Closed FranECross closed 6 months ago
@dsasser I took a swing at editing the other ticket #15203 , as well as creating this one. Please feel free to edit/alter as needed. Thanks! cc @jilladams
Running into a blocking issue:
Executing the new Workflow in a self-hosted runner (ie: behind the TIC) throws an error when trying to download node dependency node-oracledb:
From this workflow run:
(node:1408632) Warning: Setting the NODE_TLS_REJECT_UNAUTHORIZED environment variable to '0' makes TLS connections and HTTPS requests insecure by disabling certificate verification.
I also tested a ruby-based action, and received a similar error, ostensibly having the same root cause:
From this workflow run:
Error: Error: write EPROTO 00D8C2A99C7F0000:error:0A000152:SSL routines:final_renegotiate:unsafe legacy renegotiation disabled:../deps/openssl/openssl/ssl/statem/extensions.c:921:
Eric ran into this recently with AP.
Next steps appear to be escalating to VA Gateway Operations.
From scrum:
TIC (owned by VA Gateway Operations) doesn't allow use of the Node / Ruby versions that Github actions uses by default, which blocks the HTTPS TLS handshake. (required to talk to Oracle (what the VES DB is in)

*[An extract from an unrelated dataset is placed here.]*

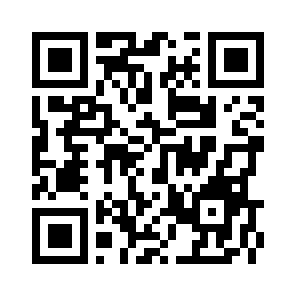 千葉市で知りたい情報があるなら街ガイドへ|有栖のQRコード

Lower than latest Node version might work. Lower Ruby version might work. Experimental. Won’t affect big picture versions used anywhere in other code, the versions in question here are isolated to the runner that’s running the Github actions job.
If this doesn’t work, we’re back to not being able to use a Github action. In that case, we would be blocked until network changes can be made to the TIC rules by VA Gateway Operations, to allow legacy TLS operations. OR, would need to use a different system than Github actions.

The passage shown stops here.